TASK GOAL:
Would you repeat exactly the part of the listing below that runs from the line containing "Arde ‘Estatua de" down to the line containing "BMW 5 Series 2017 WBAJD9108HWA91314 — 2", inclusive, and nothing else?

RECORDS SHOWN:
↓

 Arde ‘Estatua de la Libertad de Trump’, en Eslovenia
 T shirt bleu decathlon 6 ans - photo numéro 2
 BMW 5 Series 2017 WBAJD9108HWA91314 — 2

↑
↓

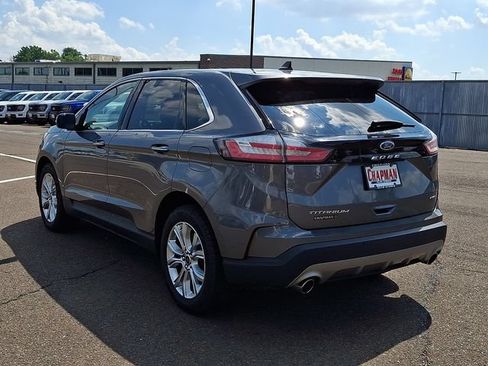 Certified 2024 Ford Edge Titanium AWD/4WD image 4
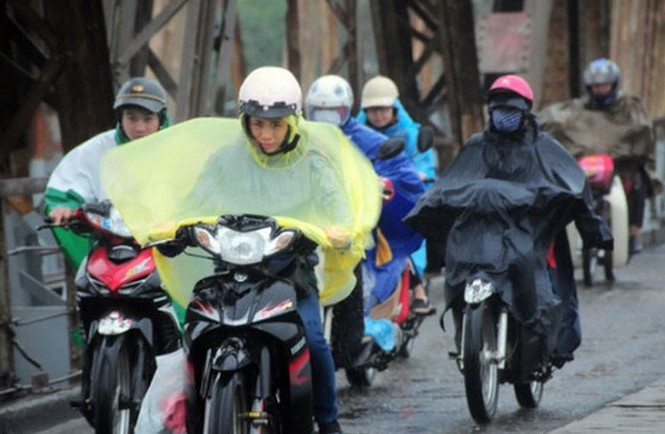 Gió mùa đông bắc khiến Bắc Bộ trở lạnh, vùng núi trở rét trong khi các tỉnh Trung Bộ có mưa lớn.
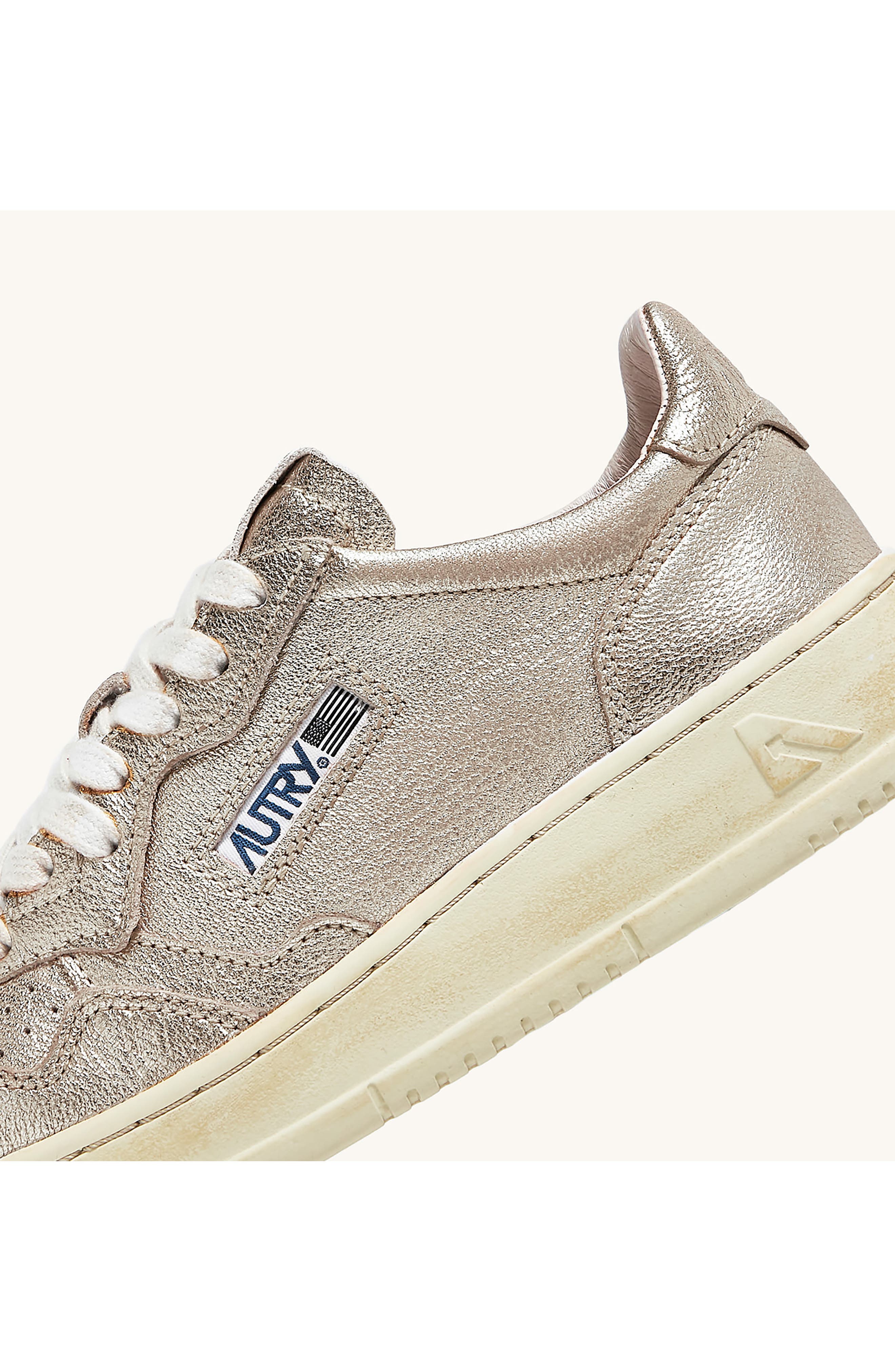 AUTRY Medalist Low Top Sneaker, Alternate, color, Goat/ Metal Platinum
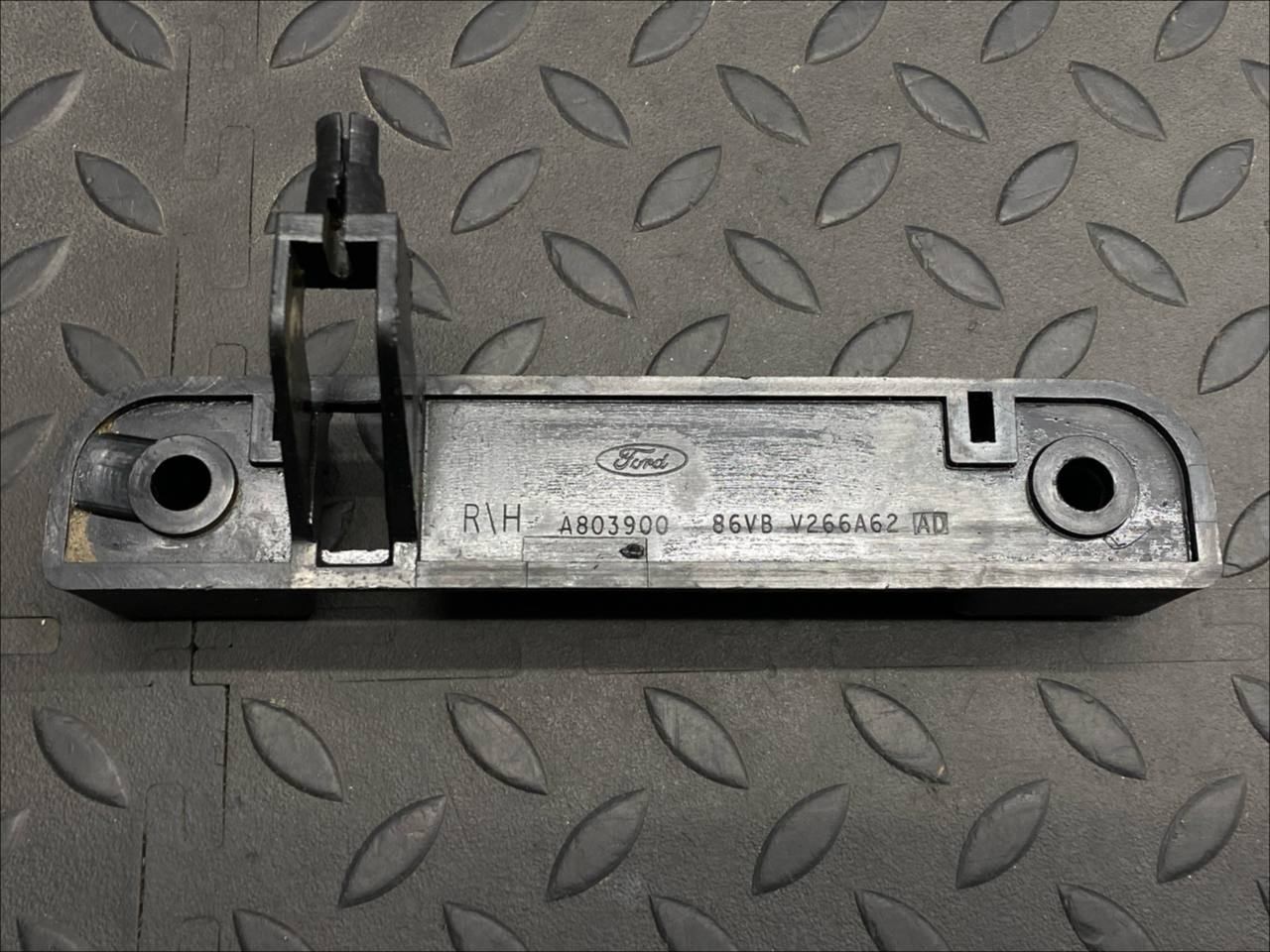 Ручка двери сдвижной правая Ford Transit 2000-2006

↑

TASK RESULT:
 Arde ‘Estatua de la Libertad de Trump’, en Eslovenia
 T shirt bleu decathlon 6 ans - photo numéro 2
 BMW 5 Series 2017 WBAJD9108HWA91314 — 2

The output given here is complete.